ER 2012/1 advises that a thing is commercially distinct from its inputs if it has a distinctive character or use from the inputs. A thing brought into existence has new or different qualities, properties or combinations thereof from that out of which it is made. It may be any quality that indicates a difference - qualities such as colour, shape or chemical composition. For example a change in chemical composition by adding, removing, combining or altering the chemical characteristic of the thing being manufactured or produced.
Our consideration
You will make the blend at the Winery's premises as you do not have premises available to carry out such work. The Winery leases facilities to you at its premises. You will carry out testing conducted on the blend during the blending process.
Your purpose for carrying out the blending process is to bottle a Shiraz vintage for a calendar year in which you were unable to crush any fruit due to the harsh climatic conditions that occurred during that year. The blend of the Vintage A and the Vintage B will enable you to bottle a vintage with the standard and quality associated with your brand and allow you to keep Shiraz wines in the market place.
The grape growing season in which your Vintage B was made was much better than the grape growing season for the Vintage A.
We understand that the flavour of Shiraz grapes can be influenced by the climate and soils where the grapes are grown. This, in turn, may affect the characteristics of the wine produced from those grapes.
At issue, is whether a blend of more than 50% of Vintage A and less than 50% of Vintage B will result in a final product that is commercially distinct, such as have a distinctive character, from the Vintage A and the Vintage B, or whether the blend will merely be akin to the Winery's product badged under your label.
You submit the blend will achieve a characteristic that is unique with the addition of Vintage B enhancing the flavor profile of the final product. This will result in a quality consistent with the other Shiraz vintages that you have produced in the past.
We acknowledge with the addition of Vintage B it is likely that the flavour profile of Vintage A will be enhanced. This is because of the exceptional quality of Vintage B. It may be said what you will ultimately end up with will be distinct from what you started with. The final product will be neither Vintage A nor Vintage B. It will not be the 'former' as it will have a better flavour and more appealing qualities; it will not be the 'latter' as it will not have the exceptional quality that wine possesses because of the extraordinarily good growing season for grapes in that year.
Accordingly, it is likely the final product will be commercially distinct from its inputs. You will satisfy the second limb of the extended meaning of manufacture and be a producer of rebatable wine pursuant to subsection 19-5(1) of the WET Act.
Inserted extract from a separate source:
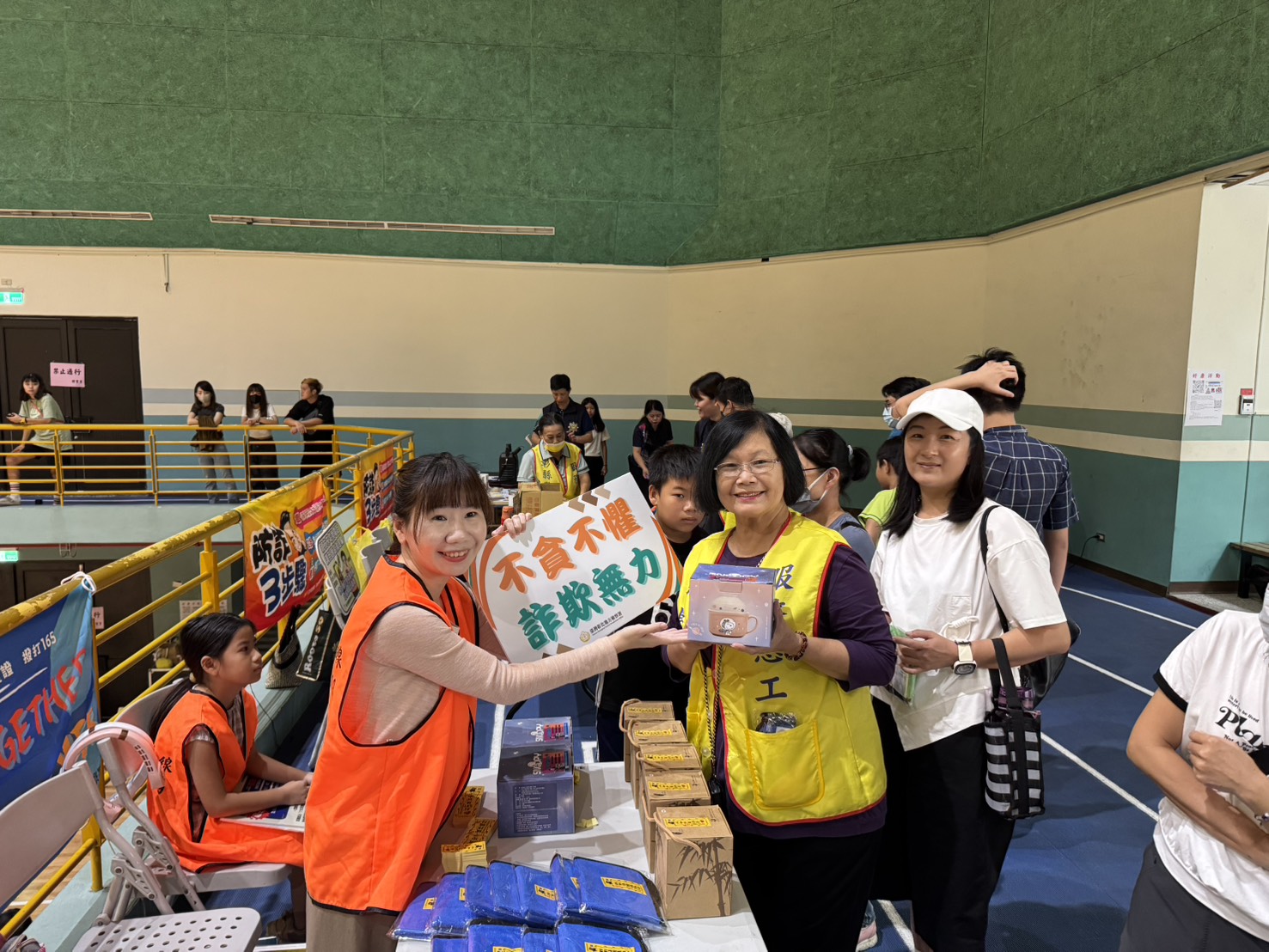 3李雅芳觀護人組長頒發有獎徵答禮品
You will therefore be entitled to a WET producer rebate for the blend in accordance with Division 19 of the WET Act.
Section 19-15 of the WET Act however will deny your entitlement to the producer rebate for sales or own use of the blend that you may produce if you have already received $500,000 of the rebate in a financial year.
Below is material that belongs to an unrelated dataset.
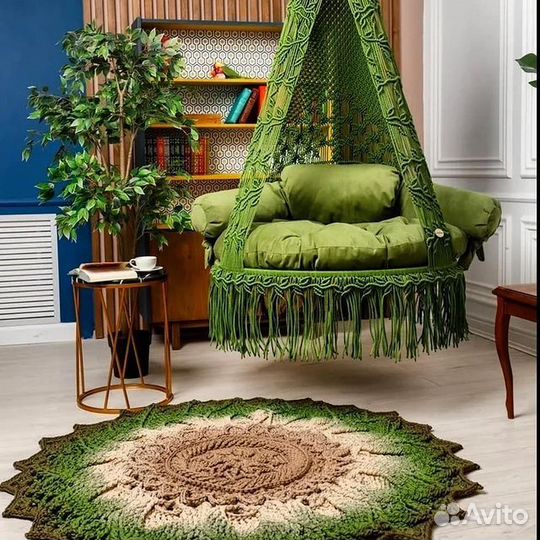 Вязаный ковёр ручной работы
As an aside, the current Federal Government proposed changes in its 2012/13 Budget to the WET producer rebate which was meant to have implications for the blending of wine. The government subsequently chose to defer any change to the legislation to allow more time for further consultation. Tax Laws Amendment (2012 Measures No. 5) Bill 2012 was recently introduced into Parliament. The Bill, among other things, proposes to introduce a restriction on the WET producer rebate for wine manufactured from other wine where an earlier producer rebate was claimed on the other wine.
You may be able to obtain more information on the proposal from the Department of Treasury at treasury.gov.au, from your local Member of Parliament or from your industry body.